Given records:
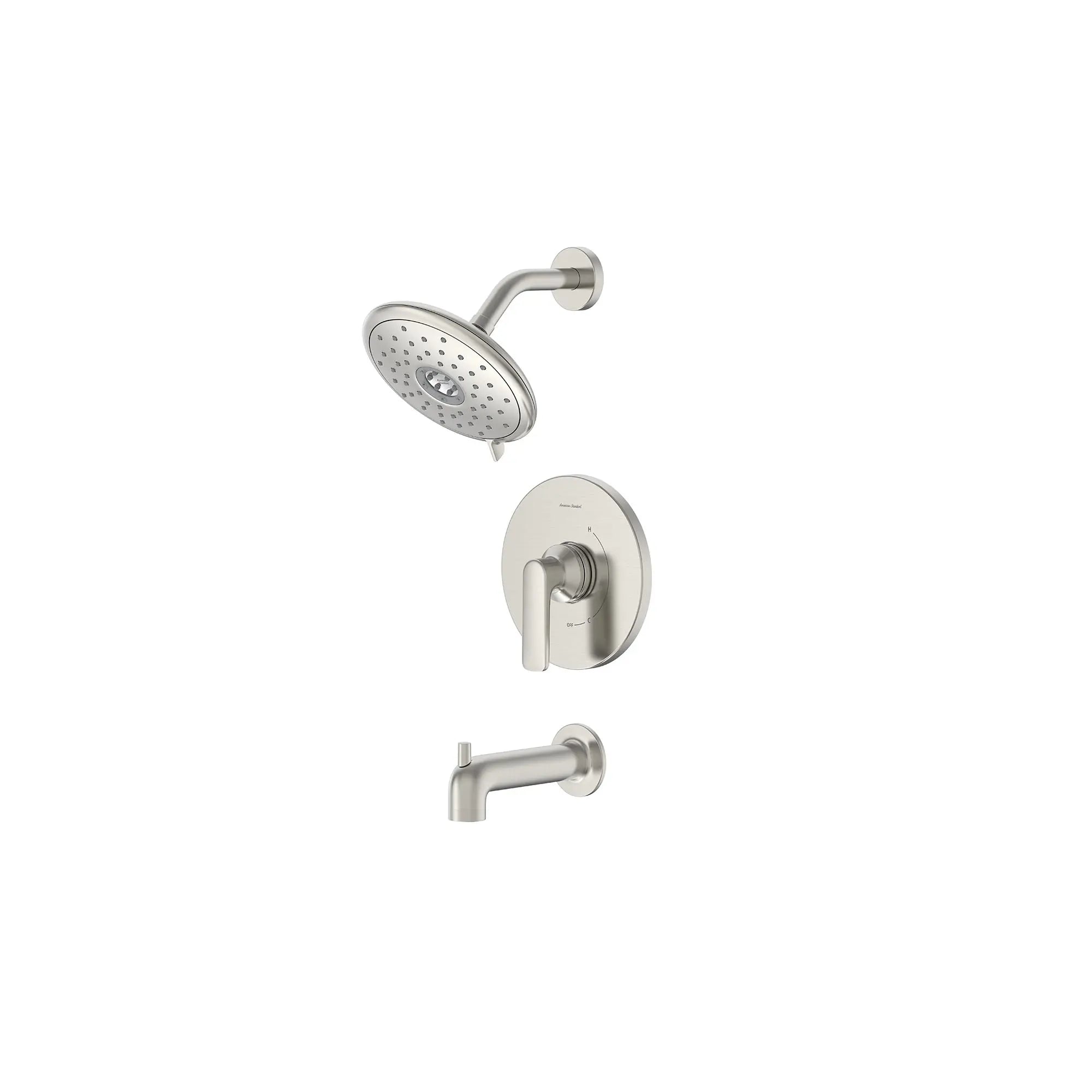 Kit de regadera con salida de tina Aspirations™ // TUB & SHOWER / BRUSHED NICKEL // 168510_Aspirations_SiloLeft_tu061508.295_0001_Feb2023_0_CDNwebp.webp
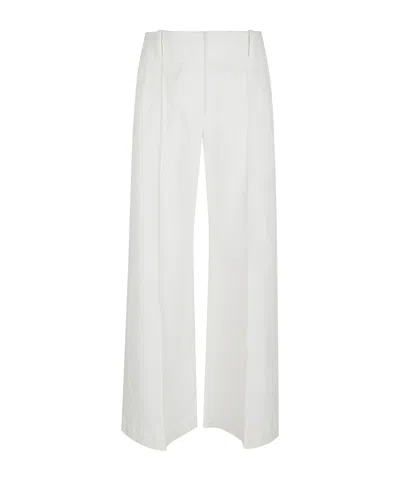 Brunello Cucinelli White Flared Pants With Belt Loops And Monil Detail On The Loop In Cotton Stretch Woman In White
--
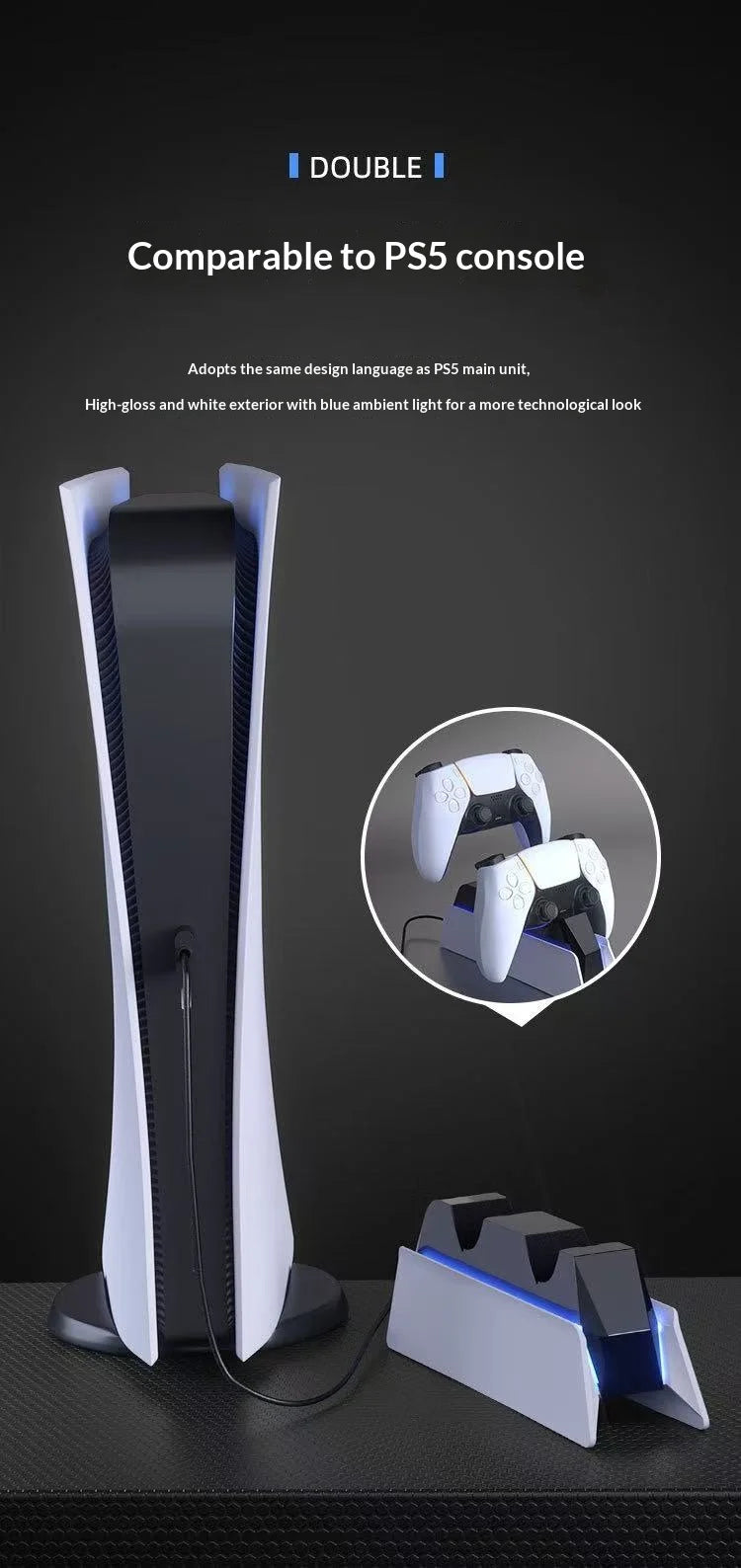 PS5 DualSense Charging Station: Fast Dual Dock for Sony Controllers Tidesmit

Directions for this task: Start with the line with "Kit de regadera" in the listing above and stop after the line with "Brunello Cucinelli White". Write out exactly the lines in that stretch and no others, without pictures.

Solution:
 Kit de regadera con salida de tina Aspirations™ // TUB & SHOWER / BRUSHED NICKEL // 168510_Aspirations_SiloLeft_tu061508.295_0001_Feb2023_0_CDNwebp.webp
 Brunello Cucinelli White Flared Pants With Belt Loops And Monil Detail On The Loop In Cotton Stretch Woman In White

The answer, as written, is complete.